一种微弱却清晰的声音,传入刘景昼被耳鸣折磨的耳中。
是水声!
他猛地转头,看向声音传来的方向——通道更深、更黑暗的前方。那声音并非来自崩塌的后方,而是来自……他们尚未涉足的、通往未知的前路!
黑暗中,似乎隐约有极其微弱的、不同于火焰的光芒在闪烁?是幻觉吗?还是……
一线微渺到几乎不存在的生机,如同风中残烛,在无边的绝望黑暗中,极其微弱地……跳动了一下。
刘景昼屏住呼吸,耳朵捕捉着那微弱的水滴声。在绝对的寂静中,这声音如同天籁,却又带着诡异的韵律。他小心翼翼地将小六子平放在地上,用身体护住他,然后拖着伤痕累累的身体,一点点向前爬去。

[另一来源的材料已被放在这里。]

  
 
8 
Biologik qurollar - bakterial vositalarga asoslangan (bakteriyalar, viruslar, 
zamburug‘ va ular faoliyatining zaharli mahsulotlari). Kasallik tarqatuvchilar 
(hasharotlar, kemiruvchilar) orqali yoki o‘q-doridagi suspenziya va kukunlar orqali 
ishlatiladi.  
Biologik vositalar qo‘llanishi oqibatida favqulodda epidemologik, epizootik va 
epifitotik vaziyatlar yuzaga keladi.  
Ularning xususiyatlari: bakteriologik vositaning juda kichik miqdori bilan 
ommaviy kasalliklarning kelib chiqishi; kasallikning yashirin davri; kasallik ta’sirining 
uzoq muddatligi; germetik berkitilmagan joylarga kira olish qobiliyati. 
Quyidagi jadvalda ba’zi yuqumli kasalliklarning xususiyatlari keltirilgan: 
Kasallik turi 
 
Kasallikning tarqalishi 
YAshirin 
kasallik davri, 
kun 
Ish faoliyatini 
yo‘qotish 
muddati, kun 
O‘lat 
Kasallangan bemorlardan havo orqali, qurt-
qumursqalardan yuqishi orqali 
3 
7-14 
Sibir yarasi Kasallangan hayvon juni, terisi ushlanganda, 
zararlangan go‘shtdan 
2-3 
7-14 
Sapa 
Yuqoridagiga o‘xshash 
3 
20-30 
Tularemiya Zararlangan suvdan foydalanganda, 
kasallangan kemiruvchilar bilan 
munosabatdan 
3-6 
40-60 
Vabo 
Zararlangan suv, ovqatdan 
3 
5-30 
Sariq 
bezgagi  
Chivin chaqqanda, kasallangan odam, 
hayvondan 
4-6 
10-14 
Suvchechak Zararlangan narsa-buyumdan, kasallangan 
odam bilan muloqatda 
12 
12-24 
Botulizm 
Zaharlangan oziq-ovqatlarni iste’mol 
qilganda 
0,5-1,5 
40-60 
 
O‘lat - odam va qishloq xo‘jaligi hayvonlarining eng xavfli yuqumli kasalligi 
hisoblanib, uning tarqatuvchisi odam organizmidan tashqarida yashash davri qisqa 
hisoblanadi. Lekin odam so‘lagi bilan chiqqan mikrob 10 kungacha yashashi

每移动一寸,都伴随着钻心的疼痛。胸口的闷痛提醒着他内脏可能受到了损伤,腿上的伤口也因刚才的挣扎而撕裂。但他不敢有丝毫停歇,因为那两点暗金色的火焰随时可能从崩塌的岩堆后冲出。
水声越来越清晰,伴随着一丝微凉的风拂过脸颊。刘景昼心中一动,难道前面有出口?他加快了动作,终于在黑暗中看到了一丝光亮——不是火焰,而是一种幽蓝色的、微弱的光芒,如同深海中的荧光。
他爬过一个拐角,眼前的景象让他忘记了呼吸。
一个巨大的地下溶洞展现在他面前。洞顶高耸入黑暗,无数钟乳石如同利剑般垂下。而在溶洞中央,一个地下湖平静地躺在那里,湖水幽蓝,散发着微弱的光芒。更令人惊奇的是,湖面上漂浮着无数发光的苔藓,如同繁星点点,将整个溶洞映照得如梦如幻。
而那水滴声,正是从湖中央的一处小瀑布传来的。瀑布从洞壁的一个缺口处流下,落入湖中,激起一圈圈涟漪。

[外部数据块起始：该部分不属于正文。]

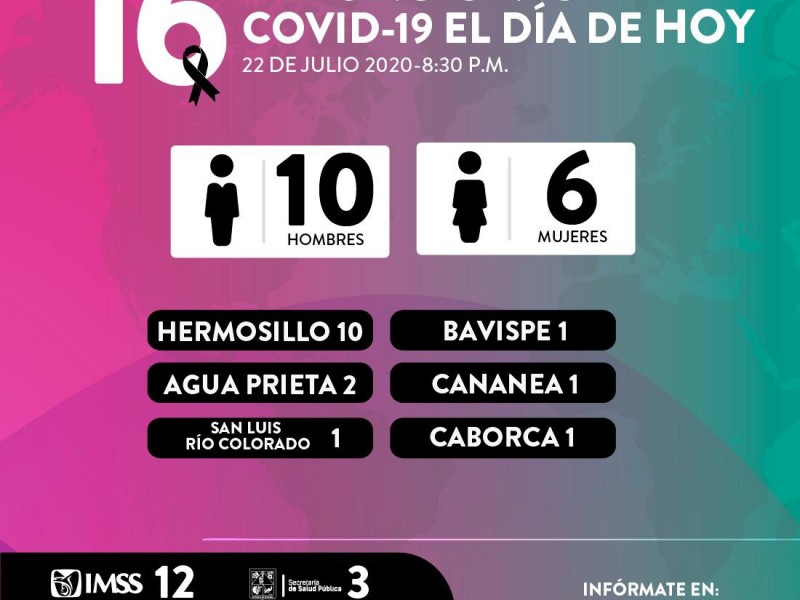 En Sonora se registran 16 muertos por coronavirus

刘景昼挣扎着站起来,将小六子背在背上,一步一步向湖边走去。湖水冰凉,却让他混乱的头脑清醒了许多。他环顾四周,溶洞的四周有几个狭窄的通道,通向未知的黑暗。
就在他思考该选择哪条路时,身后传来一声令人毛骨悚然的岩石摩擦声!
他猛地回头,只见那崩塌的岩堆开始剧烈震动,一块块巨石被无形的巨力推开!两点暗金色的火焰再次出现,比之前更加明亮,充满了狂怒!
它来了!
刘景昼不敢犹豫,背着小六子冲向最近的一个通道。身后,那恐怖的尖啸声越来越近,仿佛就在他耳边回荡。
通道狭窄而曲折,刘景昼只能艰难地前进。小六子在背上已经没有了动静,不知是死是活。他不敢停下来查看,只能咬紧牙关,向前,再向前!
不知过了多久,前方的通道突然开阔起来。刘景昼喘着粗气,终于停了下来。这里似乎是一个更大的溶洞,但与之前那个不同,这里没有任何光源,只有绝对的黑暗。
他靠在冰冷的洞壁上,听着自己剧烈的心跳声。那怪物似乎没有追来,但刘景昼知道,这只是暂时的。它一定会找到这里的入口。
就在这时,他突然感觉到怀中有什么东西在动。他低头一看,是小六子的左手!那断臂的手指竟然在微微抽搐!
\"小六子?\"刘景昼惊喜地呼唤。
小六子的眼皮颤动了几下,缓缓睁开。他的眼神依旧涣散,但似乎有了一丝清明。